The Collector#collect method is the hotspot of a search request. It's called for every document that matches the query, not only the ones that you get back. In fact, you usually get back only the top documents, which are effectively the ones that you show to the users.
I would suggest not to do things like:
TopDocs topDocs = searcher.search(query, Integer.MAX_VALUE);
which would force lucene to return too many documents.
Anyway, if you only have two matching documents (or you are asking for all the documents that match), the number of documents that you get back and the number of calls to the collect method should be the same.
The setNextReader method is something completely different that you shouldn't care that much about. Have a look at this article if you want to know more about AtomicReader and so on. To keep it short, Lucene stores data as segments, which are mini searchable inverted indexes. Every query is executed on each segment sequentially. Every time the search switches to the next segment the setNextReader method is called to allow to do operations at a segment level in the Collector. For example, the internal lucene document id is unique only within the segment, thus you need to add docBase to it to make it unique within the whole index. That's why you need to store it when the segment changes and take it into account. Your countNextReader variable just contains the number of segments that have been analyzed for your query, it doesn't have anything to do with your documents.
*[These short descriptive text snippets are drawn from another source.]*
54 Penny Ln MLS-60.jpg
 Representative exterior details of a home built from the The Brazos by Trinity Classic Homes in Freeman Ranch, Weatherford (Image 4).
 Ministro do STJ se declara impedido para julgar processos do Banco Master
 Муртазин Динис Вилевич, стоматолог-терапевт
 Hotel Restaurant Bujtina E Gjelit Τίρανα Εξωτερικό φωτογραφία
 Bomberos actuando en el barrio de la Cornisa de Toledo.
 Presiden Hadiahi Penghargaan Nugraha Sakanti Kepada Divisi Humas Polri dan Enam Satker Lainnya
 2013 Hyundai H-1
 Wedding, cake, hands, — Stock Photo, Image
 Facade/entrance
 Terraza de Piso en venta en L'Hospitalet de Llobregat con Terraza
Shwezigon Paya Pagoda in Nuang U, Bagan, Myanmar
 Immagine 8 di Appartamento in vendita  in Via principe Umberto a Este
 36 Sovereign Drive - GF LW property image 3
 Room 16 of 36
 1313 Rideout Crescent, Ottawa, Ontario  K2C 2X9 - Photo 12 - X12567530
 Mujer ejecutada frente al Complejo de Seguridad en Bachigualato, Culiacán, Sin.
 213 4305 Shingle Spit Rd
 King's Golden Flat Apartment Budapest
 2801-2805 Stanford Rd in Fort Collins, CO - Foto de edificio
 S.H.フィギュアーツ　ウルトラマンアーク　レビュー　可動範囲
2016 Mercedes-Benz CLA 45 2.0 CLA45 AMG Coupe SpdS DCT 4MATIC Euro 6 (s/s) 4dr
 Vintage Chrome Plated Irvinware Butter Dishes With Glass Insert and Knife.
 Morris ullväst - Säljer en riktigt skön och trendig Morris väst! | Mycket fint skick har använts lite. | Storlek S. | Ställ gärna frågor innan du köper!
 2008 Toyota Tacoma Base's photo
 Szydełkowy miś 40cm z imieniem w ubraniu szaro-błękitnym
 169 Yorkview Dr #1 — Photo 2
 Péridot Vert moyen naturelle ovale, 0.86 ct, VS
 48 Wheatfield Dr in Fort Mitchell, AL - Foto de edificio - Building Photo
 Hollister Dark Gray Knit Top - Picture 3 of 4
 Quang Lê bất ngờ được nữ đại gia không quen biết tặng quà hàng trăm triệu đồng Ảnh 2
Looking deeper at your Collector code I also noticed you are not taking into account the docBase when retrieving documents by id. This should fix it:
Document document = searcher.doc(doc + docBase);
Keep also in mind that loading a stored field within a Collector is not really a wise thing to do. It's gonna make your searches really slow, because stored fields are loaded from disk. You usually load stored fields only for the subset of documents that you want to return. Within a Collector you usually load information needed to score documents like payloads or similar things, usually making use of the lucene field cache too.